Il kit dello spaccio tra indumenti e cucina
Una volta entrati nell’appartamento, i carabinieri hanno setacciato ogni stanza trovando conferme a quello che ritenevano un collaudato sistema di vendita al dettaglio. Nel comodino della stanza da letto, nascosti tra la biancheria, sono stati sequestrati 560 euro in contanti, ritenuti provento dell’attività illecita. La cucina si è rivelata una sorta di laboratorio per il confezionamento: qui gli investigatori hanno recuperato altri due bilancini con tracce di polvere bianca, pellicola trasparente, ritagli di plastica e ulteriori 225 euro in banconote di piccolo taglio. Il materiale complessivo, unito alla varietà delle sostanze, ha delineato per gli inquirenti un quadro chiaro di spaccio in concorso.

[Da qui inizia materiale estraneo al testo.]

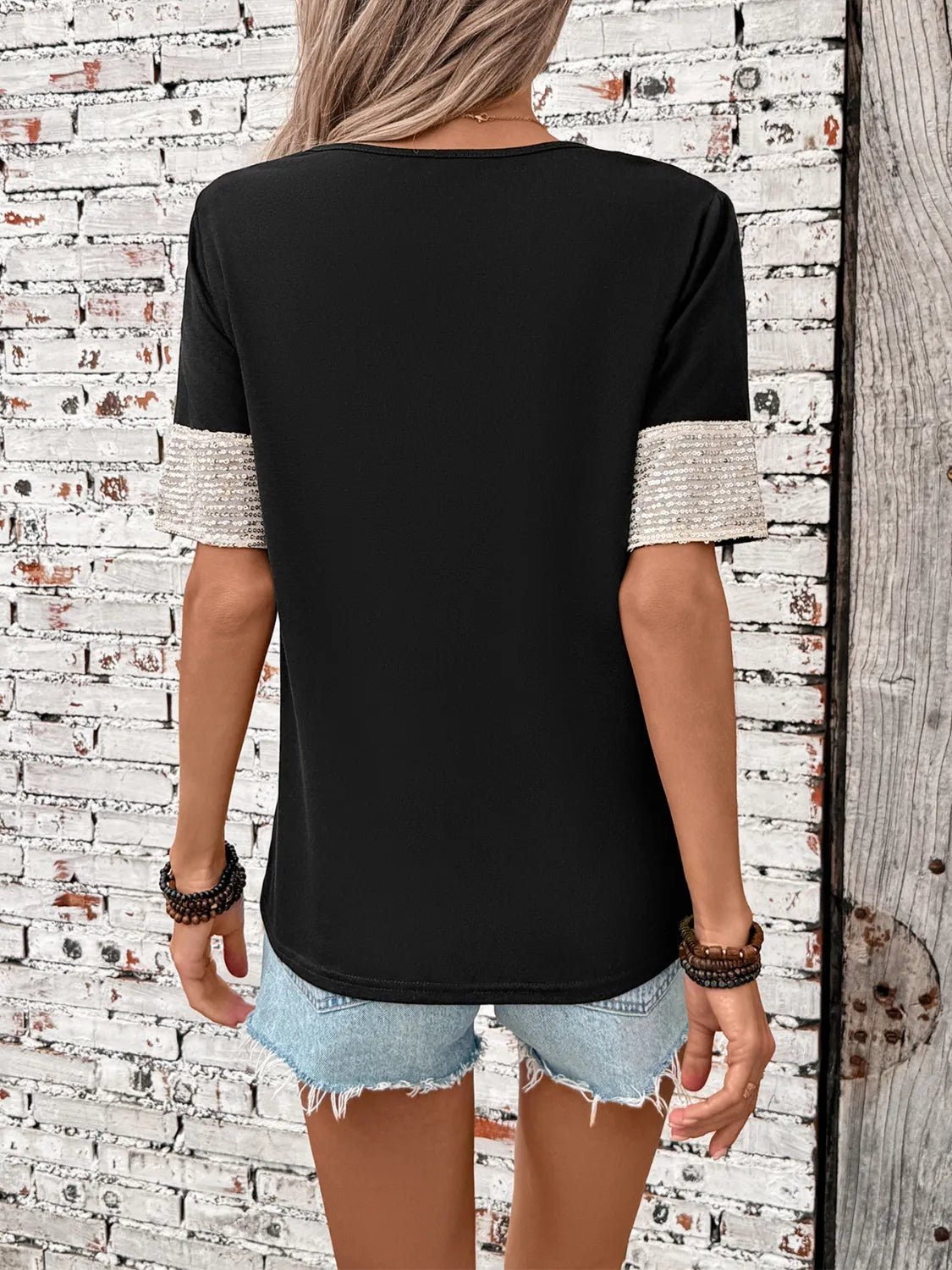 T-shirt à manches courtes et col en V à paillettes - Les secrets de Cath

Il tribunale e la strategia della colpa singola
Il caso è approdato immediatamente davanti al giudice del Tribunale di Cosenza per l’udienza di convalida. Durante il confronto in aula, la donna avrebbe tentato di scagionarsi attribuendo l’intera responsabilità del possesso della droga al convivente. Una versione che però non ha retto all’esame della Procura, che ha ribadito la contestazione del concorso nel reato per entrambi, basandosi sulla dinamica del lancio dal balcone e sul materiale rinvenuto nelle aree comuni della casa. Al termine delle formalità di rito, l’autorità giudiziaria ha convalidato l’arresto disponendo per la coppia la misura cautelare degli arresti domiciliari, in attesa dell’iter processuale che stabilirà le responsabilità definitive dei due indagati.